A man told me the ship was going so slowly because the Lewisporte docks don’t open until 7:00. That meant we were several hours early. About that time the ships speaker announced we would be docking in 40 minutes and I went to make sure Madolyn had heard it. I found her already up, so we collected our stuff and went out on deck to watch the docking.

Lewisporte is an attractive town on Notre Dame Bay, a large bay surrounded by wooded hills. The town is mainly a port, and besides the ferry terminal there are several large marinas. Our ship made a right angle turn and maneuvered up to the dock, while the passengers lined up on deck waiting to go below. At the next slip was the largest sailing yacht I’ve ever seen. It was a blue ketch with two steel masts that seemed to go up forever. We later heard on TV that it was in town to pick up some VIP passengers who wanted to go sailing. They showed pictures of the inside and the main compartment even has a fireplace. You can charter it for a mere $38,000+ a week.

We were finally admitted to the vehicle deck, and we got in our RV and waited to be waved ashore. Madolyn had the name of an RV park in Lewisporte, but we had no idea where it was. Fortunately a sign across from the ferry pointed south and said to turn on Church Street. A large church we’d seen from the ferry seemed a likely candidate to have a street named for it, and sure enough it was. Naturally we turned the wrong way on Church Street (there being no sign to tell us which way to go) and we had to make a tight U-turn in the RCMP parking lot. Fortunately there were no Mounties around to witness our blunder.

We found the park easily as soon as we got on the right road, and we checked into a nice grassy space with water and electricity. The park is on a large pond and the owner is a friendly guy who waved off my attempt to pay him extra for water to wash the RV, and even loaned me a spray nozzle.

Saturday, August 22

What followed for the next two days was a lot of clean up and a little R and R. We were pretty worn out from our trek through Labrador, and our home was filthy. Thursday we spent the day working and napping, and Friday we did the same, finally going into town late in the afternoon to do laundry and pick up some groceries.

One high point of the two days was meeting a Newfoundlander named Randy who has spent his life ‘on the rock’ and was not only a wealth of information, but a very friendly guy I enjoyed talking to. He has a fifth wheel, and said that there is still a lot of Newfoundland he hasn’t seen yet. He directed us to a museum dedicated to the aboriginal tribe that inhabited this area before Europeans, and we hope to visit it on our way out.
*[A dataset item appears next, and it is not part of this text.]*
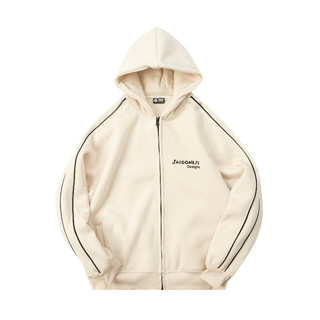 Áo khoác hoodie zip saigonese thun nỉ form rộng nam nữ / kem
The second evening we took a walk on the lake shore, and then spent the rest of the evening watching the Olympics. It’s good to see the Canadian coverage, and how they support their athletes even when they lose. By contrast the U.S. coverage treats silver and bronze medalists as though they are losers. I love my country, but I sure wish we’d grow up and show some class for a change.